Isabel Araújo Branco
O Benfica ganhou o Campeonato Nacional de Futebol. Uns estão delirantes, os outros nem por isso. E não estão porque são do Sporting ou do Porto ou têm demasiado juízo para não ligarem a estas coisas da bola, dos clubes e de comemorações... Mas são poucos, muito poucos...
Comemorar um golo é bom, ainda mais a vitória de um jogo, de um campeonato ou de uma taça. É sempre uma alegria, mesmo que estejamos a perder. Mesmo que não haja hipótese de ganhar. Mesmo que não nos esqueçamos que os clubes hoje são empresas que têm como principal objectivo facturar, que os novos estádios construídos para o Euro 2004 não têm espaços para a prática de outros desportos e que, à excepção do futebol, todas as modalidades são desprezadas em Portugal. Mesmo assim, um golo é sempre um momento de alegria, um coração aos saltos, um alívio momentâneo, um instante irrepetível.
Um momento destes – um, dois, mil... – não pode passar ao lado dos artistas. Dizia o poeta e realizador Pier Paolo Pasolini que «há no futebol momentos que são exclusivamente poéticos: trata-se dos momentos de golo. Cada golo é sempre uma invenção, uma subversão do código: cada golo é fatalidade, fulguração, espanto, irreversibilidade. Precisamente como a palavra poética. O melhor marcador de um campeonato é sempre o melhor poeta do ano. Neste momento, Savoldi é o melhor poeta. O futebol que exprime mais golos é o mais poético.» Liedson, o melhor poeta de 2004/5, com 24 belos poemas, mais nove do que Simão Sabrosa e João Tomás... Há algo mais poético do que esta ideia?

É Garrincha, é Eusébio

O barulho da festa aumenta na rua e surge outro texto sobre o futebol, agora do brasileiro Vinícius de Moraes, «O Anjo de Pernas Tortas»: «A um passe de Didi, Garrincha avança / Colado o couro aos pés, o olhar atento / Dribla um, dribla dois, depois descansa / Como a medir o lance do momento.» Ao ler estas palavras somos transportados para o estádio – um qualquer – e ficamos suspensos da técnica de Garrincha. Não se sabe que se trata do melhor extremo direito de todos os tempos? Não importa, pois encarna todos os jogadores de futebol. Temos os olhos em cima dele, que aqui significa ler as palavras projectando na nossa mente imagens de um protagonista que se está a preparar para marcar o golo. E lá vai ele a passar pelos adversários, rápido, com estilo, gracioso. E os olhos não se despregam dos versos, o mesmo é dizer do jogador. Porque aqui, graças ao poeta, um são o outro. À nossa frente estão o jogador, duas equipas, um relvado brilhante ao sol. Só não sabemos a cor das camisolas.
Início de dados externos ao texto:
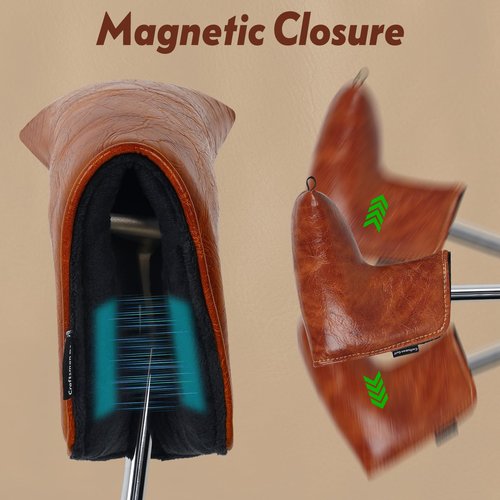 Craftsman Golf Premium Leather Brown Blade Putter Cover Headcover Magnetic Closure for Scotty Cameron Taylormade Odyssey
Há mais: «Vem-lhe o pressentimento; ele se lança / Mais rápido que o próprio pensamento, / Dribla mais um, mais dois; a bola traça / Feliz, entre seus pés – um pé de vento!» Já estamos levantados na bancada, já quase antecipamos o golo, já no peito se agita a tal alegria, colado ao medo da fustração. Será desta que marcamos? O jogador não é da nossa equipa? É, sim, porque a nossa equipa é o futebol. «Num só transporte, a multidão contrita / Em ato de morte se levanta e grita / Seu uníssono canto de esperança. // Garrincha, o anjo, escuta e atende: Gooooool! / É pura imagem: um G que chuta um O / Dentro da meta, um L. É pura dança!» É onomatopeia, é vida. Golo! Golo! Golo! É de Garrincha, é de Eusébio, é de Peyroteu, é do Águas, é de Matateu, é de Jardel, é de Gomes, é de Distéfano, é de Maradona, é de Pelé.
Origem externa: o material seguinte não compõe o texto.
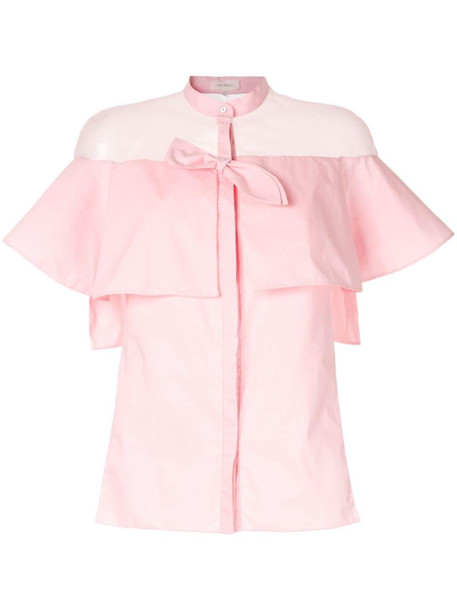 Delpozo sheer shirt in pink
São todos eles anjos sem asas, mas com pés divinos, que transportam a bola e dela fazem o que querem, como uma extensão do corpo, vai para lá, passa entre estes adversários, faz ressalto ali, entra na grande baliza que está aqui à frente. Golo! É a festa do quotidiano, da vida simples, do domingo de sol, do jogo seguido pelas vozes entusiastas de quem faz os relatos na rádio, das imagens mornas na televisão à noite, dos empurrões no estádio, dos cânticos de incentivo aos jogadores em coro, das vibrações colectivas, da projecção de milhares na bola.
Na rua o ruído cresce, a festa prossegue. Vai mais um poema? «A bola não é a inimiga / como o touro, numa corrida; / e, embora seja um utensílio / caseiro e que se usa sem risco, / não é o utensílio impessoal, / sempre manso, de gesto usual: / é um utensílio semivivo, / de reações próprias como bicho / e que, como bicho, é mister / (mais que bicho, como mulher) / usar com malícia e atenção / dando aos pés astúcias de mão.» João Cabral de Melo Neto assina.